An update covering the period 1 November to 28 February confirmed trading continues as anticipated, and that Berkeley Group remains confident of meeting longer-term profit guidance. However, the current environment doesn't support the step up in production its 'markets so badly need'.
The shares fell 5.5% on the morning of the release.
The vote to leave the EU, combined with punitive buy to let stamp duty changes, gave the housing sector the jitters. However, much like other housebuilders, Berkeley has consistently moved to reassure investors. After what it described as a 'hiatus' around the referendum, reservations are recovering from post-referendum lows.
These are encouraging signs. However, there might be a few pages left in the Brexit chapter of the UK housing market story, and London could suffer more than most in any downturn.
For example, at the half year CEO Rob Perrins said "we are appropriately cautious in our investment strategy at present." That caution remains.
While this is clearly something for investors to be aware of, it's worth remembering that management have historically run a tight ship through the cycle. Part of the reason the group is now enjoying high margins is the way it managed the fallout from the last crisis. Long-term, Berkeley's expertise in developing sites others find too challenging should serve it well.
The group's significant forward sales and healthy balance sheet will boost confidence in the recently re-jigged capital returns plans too. Since 2011, the group has returned £9.34 per share, and we can expect another £7, or just shy of 20% of current market cap, by 2021- through a combination of dividends and share buy-backs. The prospective yield is 5%.
The shares trade on1.9 times forward book value, one of the more conservative ways of valuing housebuilders. That's above the long-term average of 1.7 times.
Berkeley says the fundamentals of the London and South East property market remain attractive, but flagged high transaction costs, the complexities of getting on-site after planning approval and prevailing economic uncertainty as headwinds.

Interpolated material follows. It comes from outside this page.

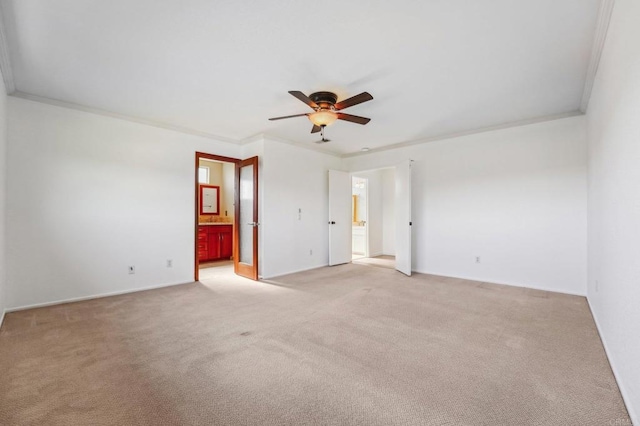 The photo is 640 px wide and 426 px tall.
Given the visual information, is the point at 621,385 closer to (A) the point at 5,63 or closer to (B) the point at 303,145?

These factors mean the group's cautious approach of acquiring land selectively will remain unchanged for the remainder of the year. With investment levels stable, continued cash generation will likely see net cash swell beyond the £632.8m reported at the half-year.
The policy of splitting investor returns between buybacks and cash dividends saw the group declare a dividend of 56.75p per share (£76.3m) with share buybacks totalling £62.9m. Berkeley plans on returning another £139.2m by 30 September 2018.
Looking ahead, Berkeley said it "expects forward sales above £2bn at 30 April 2018 and this resilient position, coupled with its well-located sites and strong balance sheet, enables the Board to reaffirm its guidance to deliver at least £3.3bn of pre-tax profits for the five year period from 1 May 2016."
Unless otherwise stated estimates, including prospective yields, are a consensus of analyst forecasts provided by Thomson Reuters. These estimates are not a reliable indicator of future performance. Yields are variable and not guaranteed. Investments rise and fall in value so investors could make a loss.